Mr Tashobya said on July 4, police raided places where sex workers ply their trade in Nansana and arrested more seven suspects. “Six were taken to Nalufenya Police Detention Centre for more interrogations,” he revealed.
In the alternative, Mr Kyeyune suggested that if Nansana Municipal Council authorities cannot make a by-law authorising sex workers to operate in an area, then bar operators should allow them operate freely inside their bars instead of them standing outside, a scenario he said puts their lives in danger.
“If they are prostitutes as they say and they operate outside bars, then we need to strengthen security outside bars to reduce the rampant killing of girls which has caused tension in the district,” the RDC suggested.
According to Mr Nsereko Wakayima , the Nansana Municipality MP, the recurrent killings in the area cannot single-handedly be contained by police and local leaders and urged residents to be vigilant.
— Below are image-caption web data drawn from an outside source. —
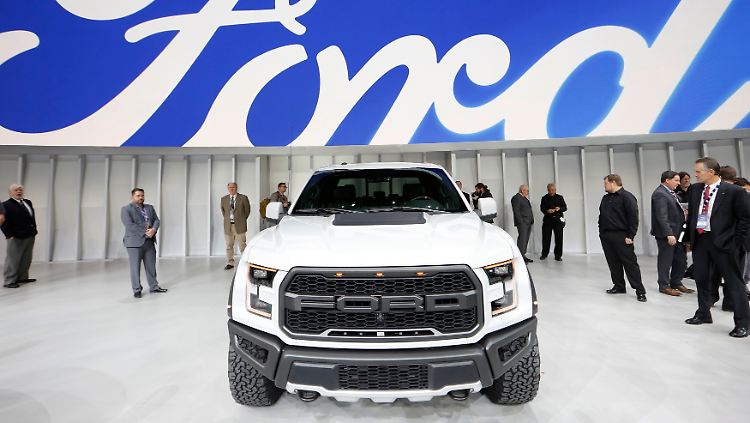 Fahrzeuge wie für Fahrten durchs Krisengebiet: Auf der Automesse in Detroit präsentierte Ford einen 2017er F-150 "Raptor".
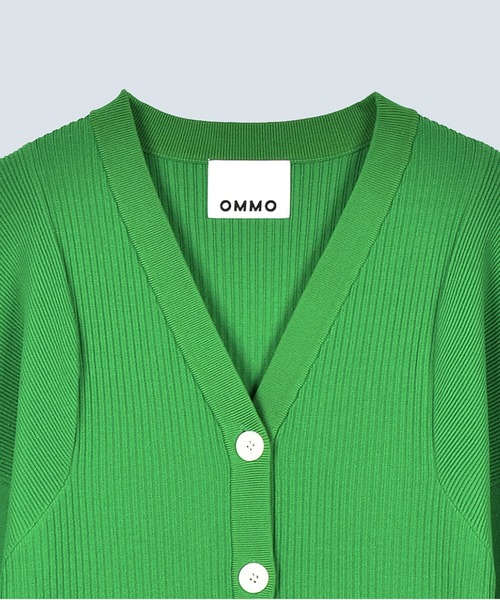 OMMO（オーエムエムオー）の「SQUARESLEEVE V NECK KT CD（カーディガン/ボレロ・レディース・ブルー/グレー/ブラック/グリーン・F）」の19枚目の写真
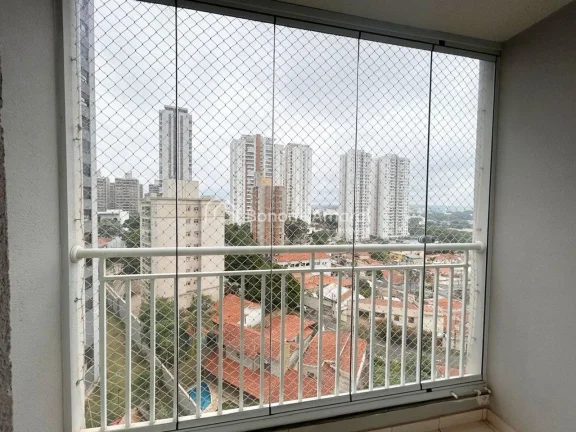 Imagem Apartamento em andar alto, com vista livre e sol da manhã

Em rua tranquila, o Condomínio Invite T...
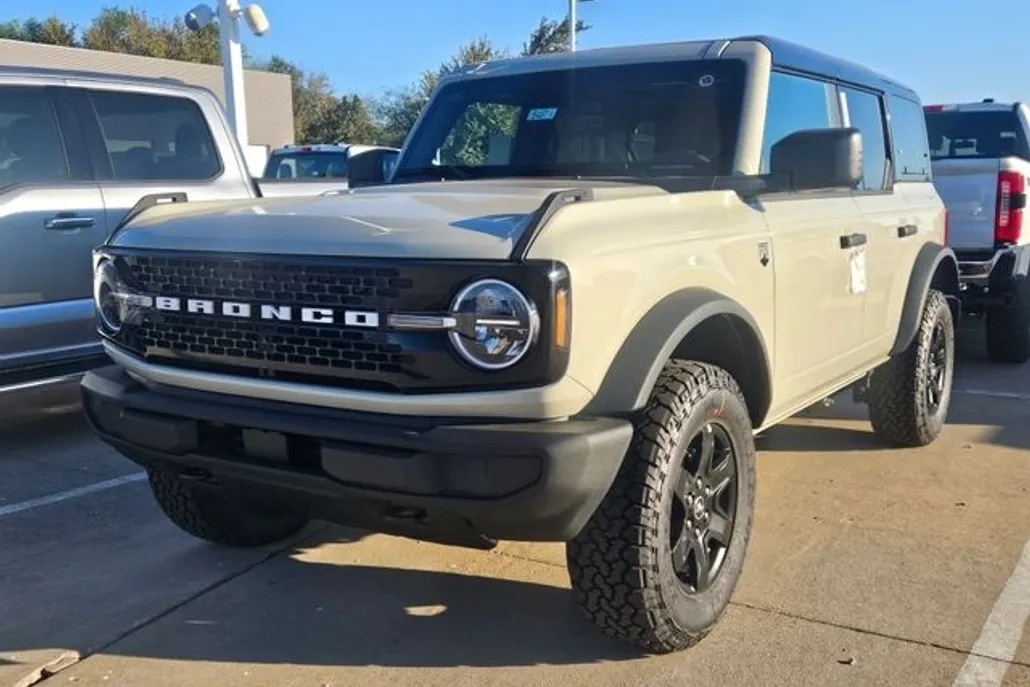 2025 Ford Bronco Big Bend photo 1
“In just two months, we have lost more than 10 young women, who were killed after being raped. This unprecedented surge in recorded incidents of killing young girls could be a result of increased drug abuse among the youth in the area, which police have to fight head-on,” he said.
Last week, Gen Kayihura visited the area and promised that police would soon crackdown the criminals.
“One of the strategies we are employing is to revive the Mayumba Kumi (Ten Cell system) to help strengthen neighbourhood watch and I am hopeful this will register some success in our surveillance system,” he said.